Quality of Cotton Thread
- Staple Length
- Lint and Fuzz
- Tight Twist
How to choose a high-quality cotton thread
One goal that all quilters have is to sew a perfect seam. A flat, smooth seam allows perfect points to match and fabric to lie flat. There are many factors that much come together in order to obtain a perfect seam. The sewing machine must be in good working order, the needle must not be dull, the tension (top and bottom) must be set properly, and the thread needs to lie smoothly and evenly in the fabric. For the purpose of this education article, we will assume the machine, needle, and tension settings are all OK so we will focus only on the thread.
A good rule to apply to cotton thread is the finer and smoother it is, the better the seam will appear. Some quilters like to piece with a polyester thread, such as So Fine! because polyester threads have a tendency to be lint free. There is a risk to using a polyester thread for piecing; when ironing or pressing seams, the high heat setting of an iron can melt polyester fibers. Cotton threads have been the go-to thread for sewing for decades and the reason for this is that when sewing became mainstream, cotton threads were the only choice. We prefer to piece our quilts with cotton thread because we don't worry about the possibility of having our iron melt our thread and we like that the fine fibers of a cotton thread help grab the fabric with each stitch.

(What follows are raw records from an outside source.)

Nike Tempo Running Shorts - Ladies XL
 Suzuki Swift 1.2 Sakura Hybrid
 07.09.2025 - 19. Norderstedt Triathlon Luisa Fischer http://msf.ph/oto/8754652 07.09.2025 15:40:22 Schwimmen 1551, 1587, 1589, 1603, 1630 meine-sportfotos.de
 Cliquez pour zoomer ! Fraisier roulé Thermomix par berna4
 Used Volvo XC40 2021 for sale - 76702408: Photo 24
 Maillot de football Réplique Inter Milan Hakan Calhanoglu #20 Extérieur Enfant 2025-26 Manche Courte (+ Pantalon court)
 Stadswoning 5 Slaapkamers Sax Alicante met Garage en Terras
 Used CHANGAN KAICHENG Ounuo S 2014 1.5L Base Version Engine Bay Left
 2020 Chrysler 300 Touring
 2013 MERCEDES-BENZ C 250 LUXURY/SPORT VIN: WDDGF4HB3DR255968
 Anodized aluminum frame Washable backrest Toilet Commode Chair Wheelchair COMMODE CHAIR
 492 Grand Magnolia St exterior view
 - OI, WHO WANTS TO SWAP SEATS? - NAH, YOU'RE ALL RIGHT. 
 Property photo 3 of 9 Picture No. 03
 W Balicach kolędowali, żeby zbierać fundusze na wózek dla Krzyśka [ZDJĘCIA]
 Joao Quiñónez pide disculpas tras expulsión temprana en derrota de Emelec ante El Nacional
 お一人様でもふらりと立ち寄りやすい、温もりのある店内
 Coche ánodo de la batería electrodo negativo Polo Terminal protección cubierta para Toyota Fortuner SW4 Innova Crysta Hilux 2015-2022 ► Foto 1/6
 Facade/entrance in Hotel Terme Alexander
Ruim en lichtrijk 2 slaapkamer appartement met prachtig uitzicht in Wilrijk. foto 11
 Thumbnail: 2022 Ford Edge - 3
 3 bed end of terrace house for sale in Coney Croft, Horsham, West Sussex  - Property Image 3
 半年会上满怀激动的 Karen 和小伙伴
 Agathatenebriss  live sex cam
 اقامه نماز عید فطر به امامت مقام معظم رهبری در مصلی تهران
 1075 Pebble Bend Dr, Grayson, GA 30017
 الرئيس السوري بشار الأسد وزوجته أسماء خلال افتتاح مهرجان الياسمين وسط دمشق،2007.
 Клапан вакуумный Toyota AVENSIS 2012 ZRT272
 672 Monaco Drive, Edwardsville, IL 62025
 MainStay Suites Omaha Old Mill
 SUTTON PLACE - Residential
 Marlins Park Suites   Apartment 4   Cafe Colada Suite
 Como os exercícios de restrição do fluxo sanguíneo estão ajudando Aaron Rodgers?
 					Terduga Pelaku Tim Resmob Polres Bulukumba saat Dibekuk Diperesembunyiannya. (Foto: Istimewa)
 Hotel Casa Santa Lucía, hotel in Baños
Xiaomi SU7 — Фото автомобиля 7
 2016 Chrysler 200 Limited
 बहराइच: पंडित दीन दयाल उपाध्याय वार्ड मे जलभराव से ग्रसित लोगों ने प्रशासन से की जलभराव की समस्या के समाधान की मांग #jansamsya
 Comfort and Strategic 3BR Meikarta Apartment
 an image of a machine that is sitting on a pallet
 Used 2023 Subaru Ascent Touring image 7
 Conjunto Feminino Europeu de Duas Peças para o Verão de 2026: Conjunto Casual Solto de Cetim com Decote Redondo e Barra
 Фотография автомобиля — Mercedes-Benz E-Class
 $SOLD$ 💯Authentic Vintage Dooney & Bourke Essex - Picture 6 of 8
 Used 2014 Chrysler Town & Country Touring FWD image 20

How do you know whether or not a cotton thread is a quality thread? Start by visually inspecting the thread. Hold up a length of cotton piecing thread between your fingers to the light. If the thread is very fuzzy (think cat hair on a roller brush hairy) or has "slubs", which are clumps of excess lint spun into the thread, it is not a high-quality cotton thread. The amount of fuzz will affect the quality of your seam. On the other hand, if the cotton thread is extremely smooth with absolutely no fuzz, it's a coated or glazed cotton thread. We don't recommend the use of glazed cotton threads in your machine as the glaze coating will rub off between the tension discs and other contact points, potentially gumming up your machine. Glazed cotton threads are also wiry and will curl like a telephone cord when unwound off the spool. Glazed cotton threads are made for hand quilting, since the coating makes the thread stronger and creates a smooth surface to glide through layers of fabric when stitching by hand.
Piecing a quilt block with MasterPiece cotton thread
MasterPiece is a high-quality cotton piecing thread
The higher grade of the raw cotton material, the smoother the thread will be. The amount of lint displaced while sewing will also decrease when using a high-quality cotton. Cotton is classified by the length of the staple, or fiber that make up the cotton boll. Most labels on spools or cones of cotton thread do not specify the staple classification because most cotton thread is made from regular, or short staple cotton. This isn't something to brag about, so 100% cotton is typically printed in place of "Short staple cotton". Long staple and extra-long staple cotton threads will make room on the label to print this classification. You will be much happier using a highest grade cotton thread, even though it costs more, the resulting sewing experience is well worth the cost increase. An extra-long staple cotton thread will have very low lint and will be a much stronger thread. This means a cleaner sewing machine and fewer thread breaks.
A tight twist makes the thread stronger and lessens lint displacement. Our MasterPiece 50 wt. 3-ply thread has a tight twist which results in a smooth stitch, without adding bulk at the seams.